WHAT YOU SHOULD DO: From the first line to the last, copy the listing exactly and omit the images.

PROVIDED MATERIAL:
————————

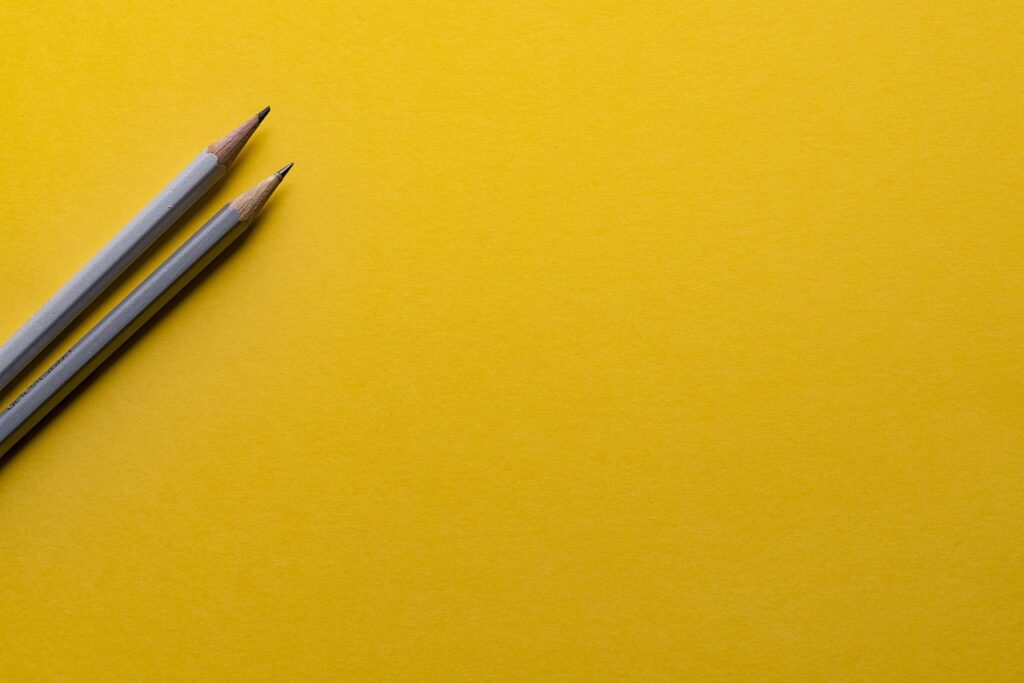 UI design showcasing contrastcolor techniques for clarity and hierarchy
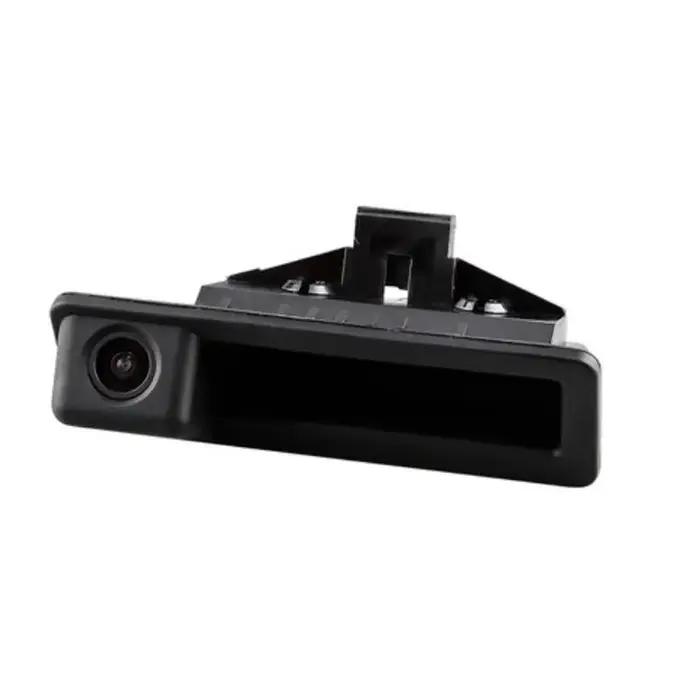 Caméra de recul CCD pour voiture BMW X5, barrage de stationnement, coffre arrière, poignée pour bron
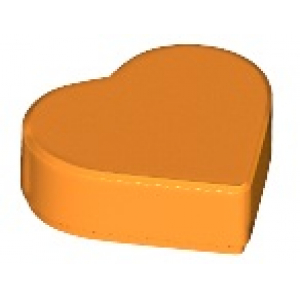 LEGO® Tile Round 1x1 Heart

————————

ANSWER SPACE:
 UI design showcasing contrastcolor techniques for clarity and hierarchy
 Caméra de recul CCD pour voiture BMW X5, barrage de stationnement, coffre arrière, poignée pour bron
 LEGO® Tile Round 1x1 Heart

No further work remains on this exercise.